Master of Arts in English and Writing Studies

Department

English

First Reader/Committee Chair

Luck, Chad

Abstract

This project is a contribution to debates on authorship, expanding Foucault’s theorization of the author as a function of discourse into the field of creative production by proposing my theory of the publisher-function. Here, I highlight the role of the publisher in shaping literary discourse using avant-garde publishing house Semiotext(e). I analyze two experimental publications to illustrate how this publisher’s role in editing and curating their booklist—or, as I propose we call it, their oeuvre—compounds with the fact of publication to create a new kind of authorial role. This is done through emphasizing the paratexts, elements of design, and literary experimentation that constitute a motif that constructs the identity of the publishing-entity.
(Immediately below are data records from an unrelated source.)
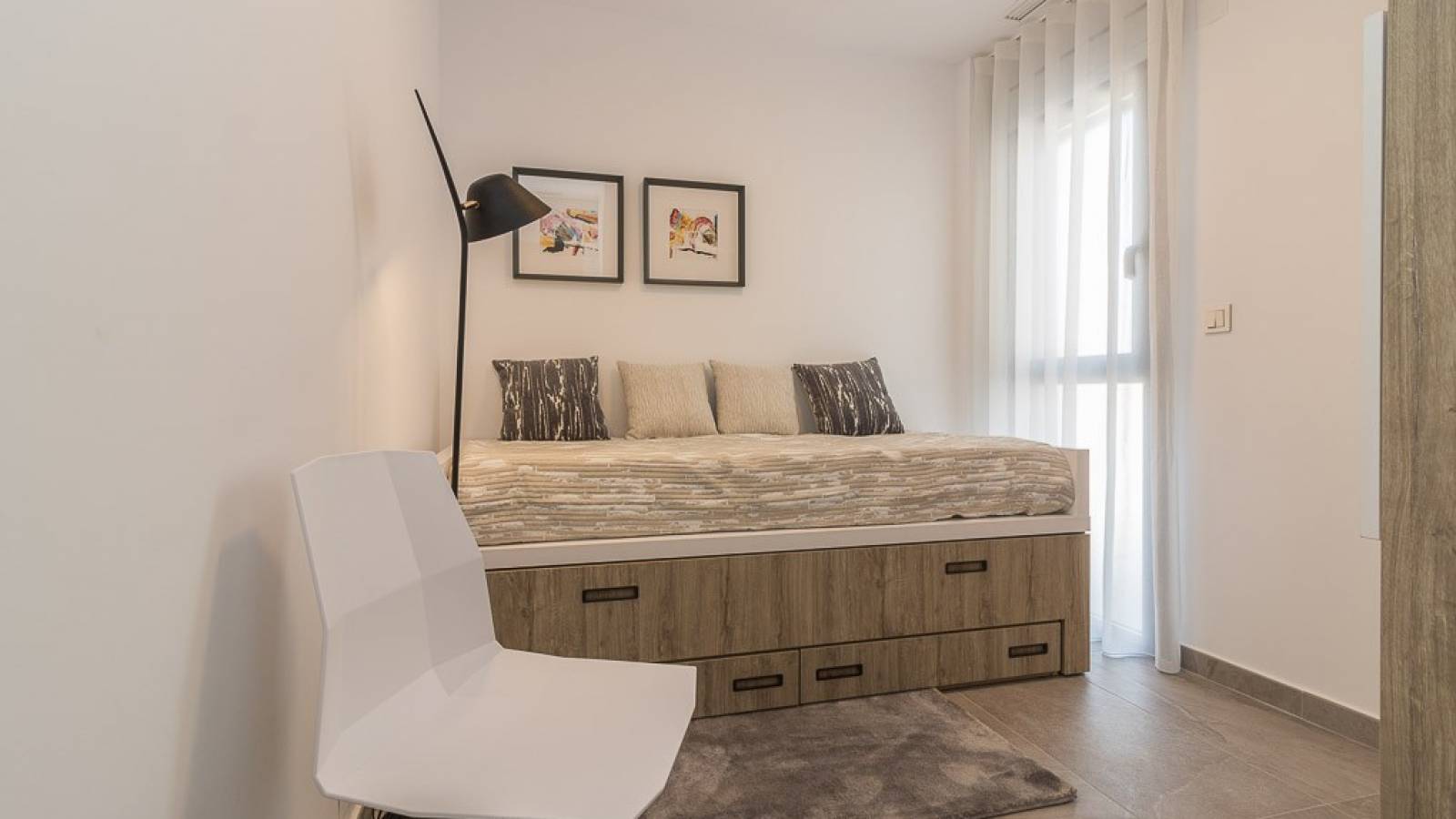 Nowy budynek - Penthouse - Orihuela Costa - Los Altos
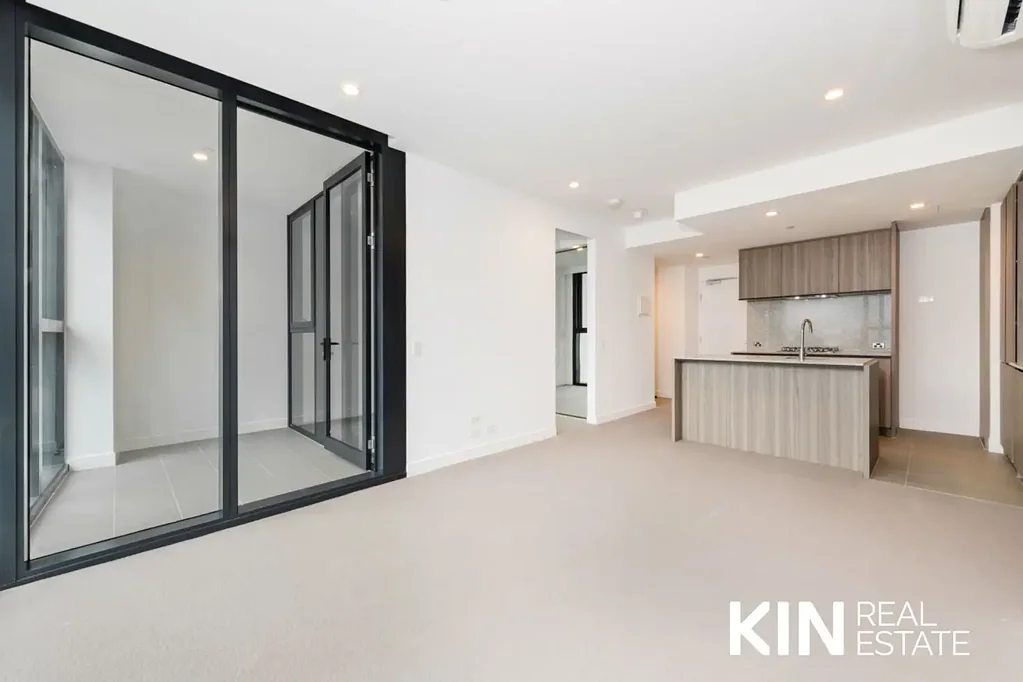 2 Bedroom 2 Bathroom Apartment @ Swanston Central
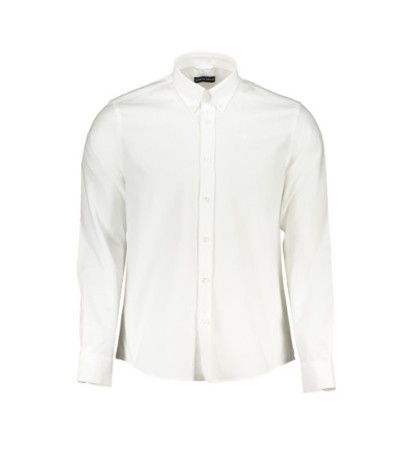 North sails shirts 664303000 White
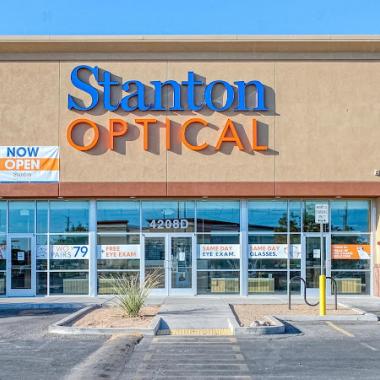 Stanton Optical photo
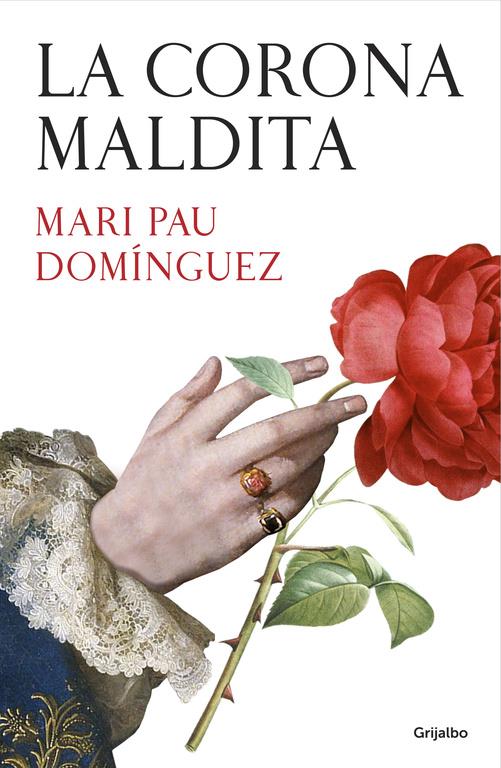 LA CORONA MALDITA | 9788425353246 | DOMINGUEZ, MARI PAU | Galatea Llibres | Llibreria online de Reus, Tarragona | Comprar llibres en català i castellà online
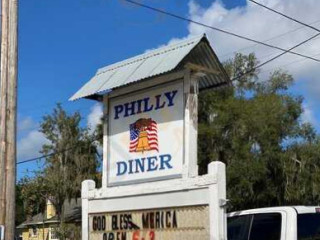 Philly Diner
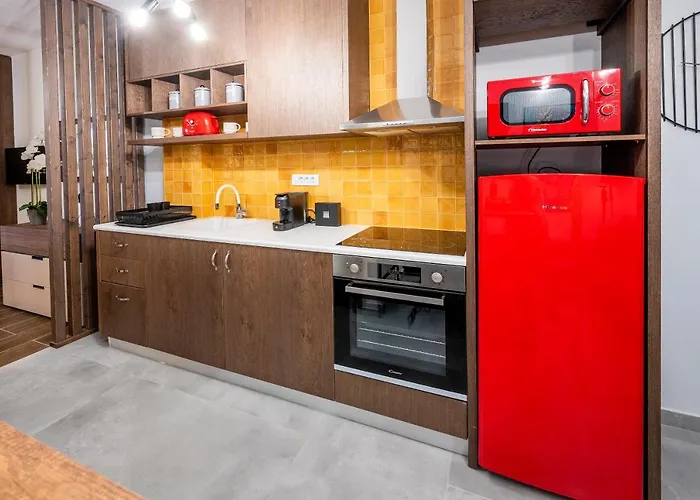 Appartement Anna Kos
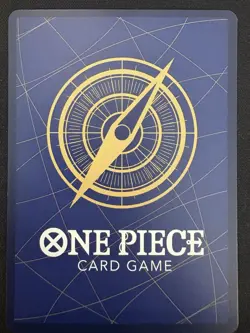 Lilith (Parallel) OP07-111 500 Years in the Future Foil One Piece Japanese - Image 2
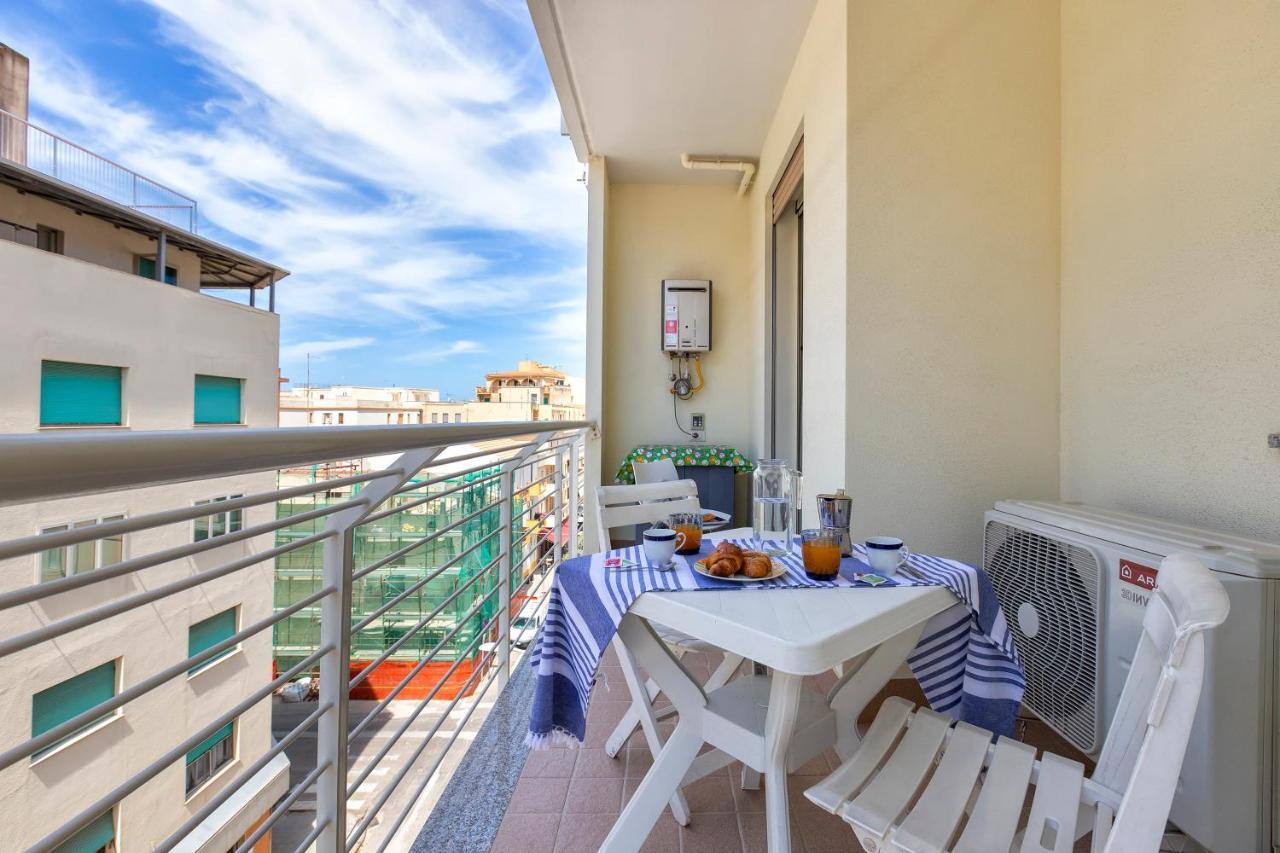 Appartement Tidy House à Alghero Extérieur photo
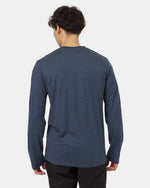 TreeBlend Baker Longsleeve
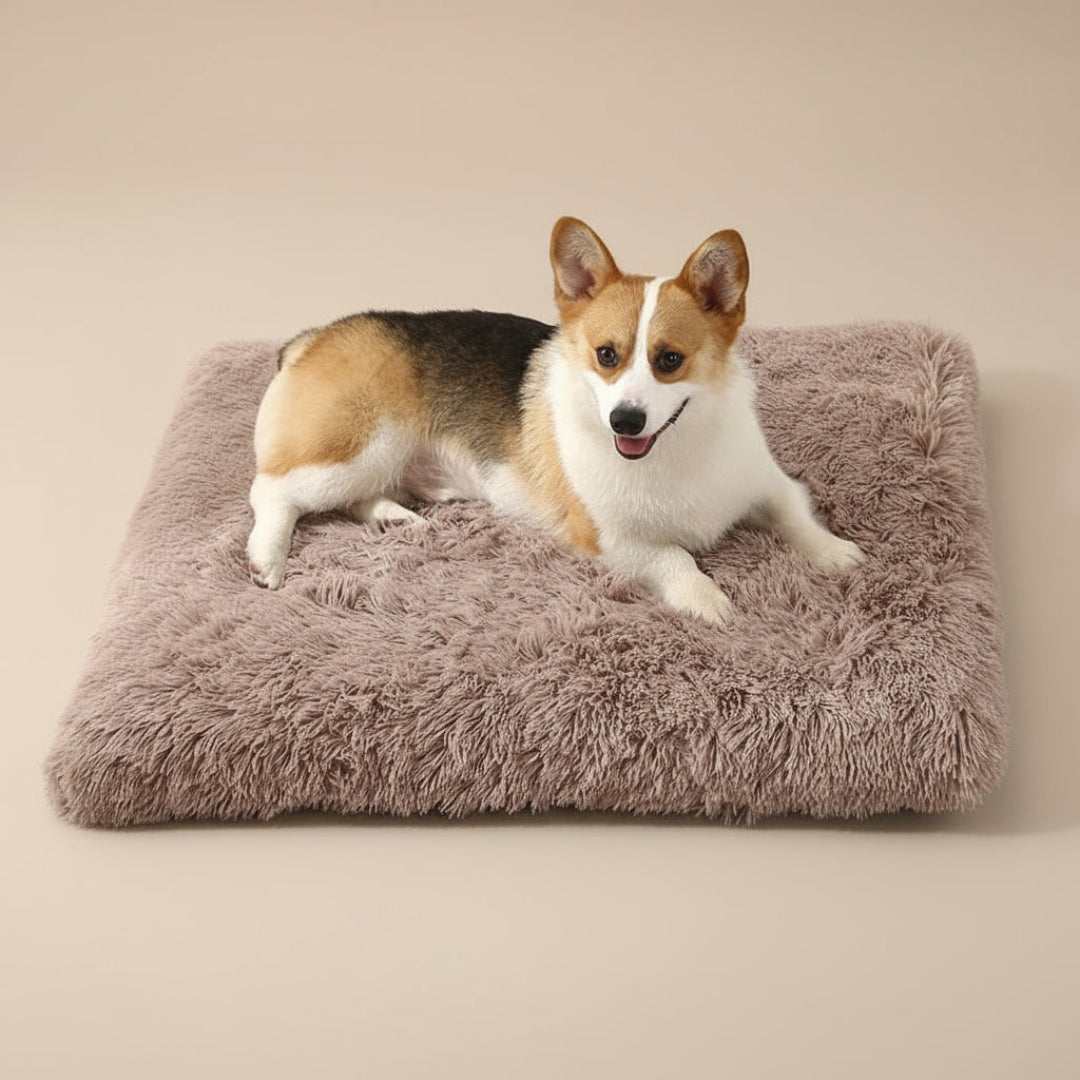 Dog Sleeping Mat – Soft Comfortable Resting Mat for Dogs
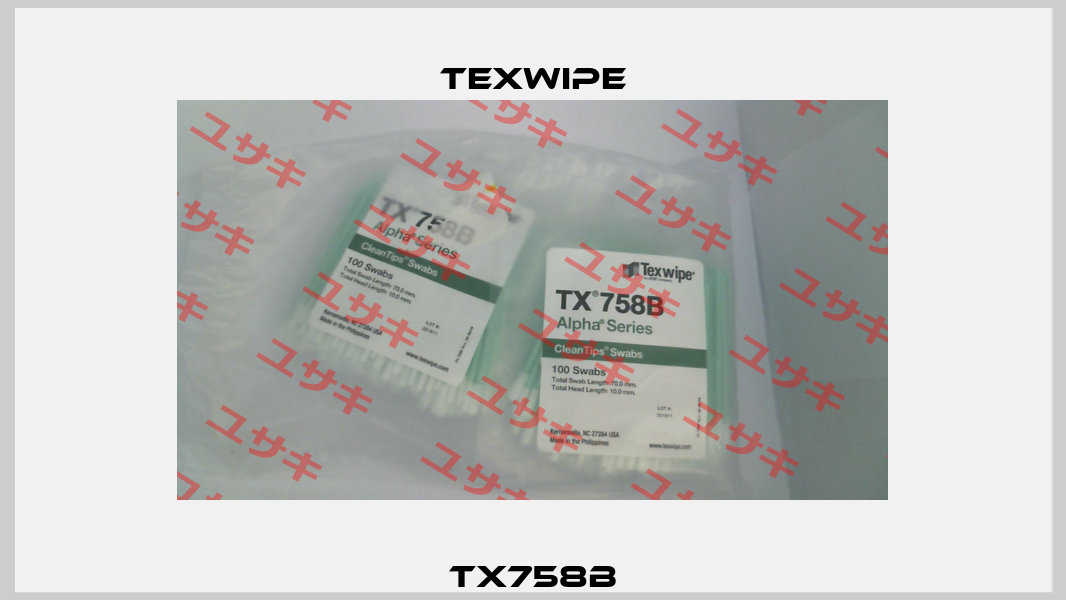 TX758B Texwipe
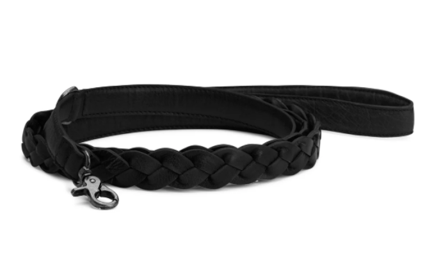 Muud Pet-Collection Celia Kobbel Hund Sort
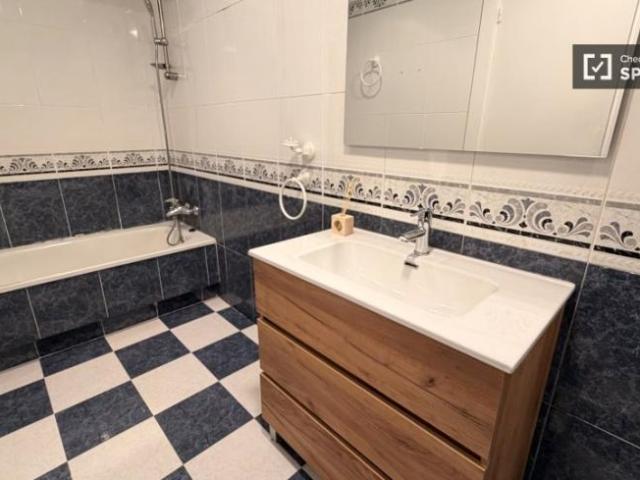 Shared Living/Roommate 5 Dormitorio Valencia Valencia ES98334315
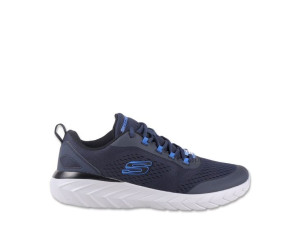 Buty męskie Skechers 232288NVY granatowe 45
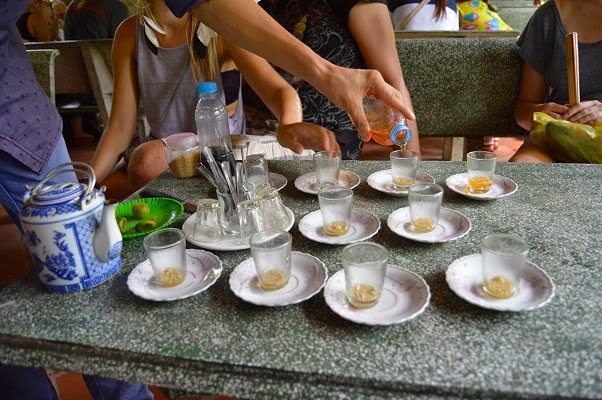 EXCURSIÓN DE UN DÍA AL MEKONG: MY THO-BEN TRE - Rozando el éxtasis entre Dubai-Camboya y Vietnam (9)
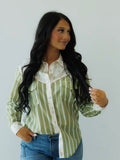 Glenwood Blouse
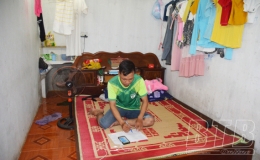 Th&aacute;i B&igrave;nh: Người lao động trong Khu kinh tế v&agrave; c&aacute;c khu c&ocirc;ng nghiệp sẽ được hỗ trợ tiền thu&ecirc; nh&agrave; trọ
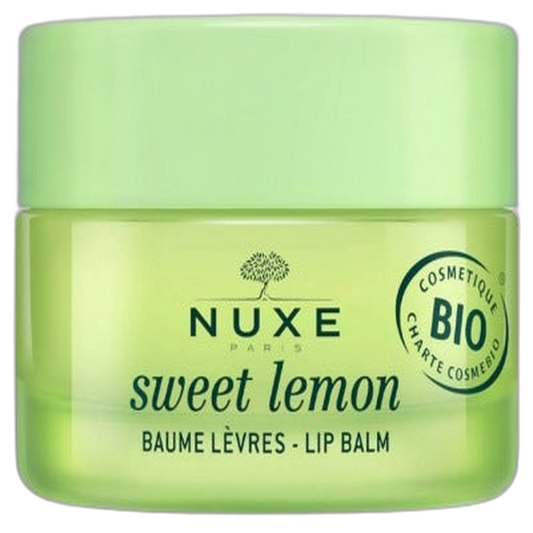 【NUXE】Nux Sweet Lemon Lip Balm 15 g <0.53 oz>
I begin by explaining the theoretical history that justifies the publisher-function, then define my contribution by explaining the methodology of this project, and situate the need for this theory within our field. I analyze two publications within the Semiotext(e) oeuvre, Kevin Killian’s Selected Amazon Reviews and I’m very into you: Correspondence 1995–1996, a collection of emails between McKenzie Wark and the late Kathy Acker. These publications are both posthumous, and I use them to illustrate the role of the publishing house and its relation to authorship through the publisher’s construction of the most powerful and most malleable literary icons: the dead author.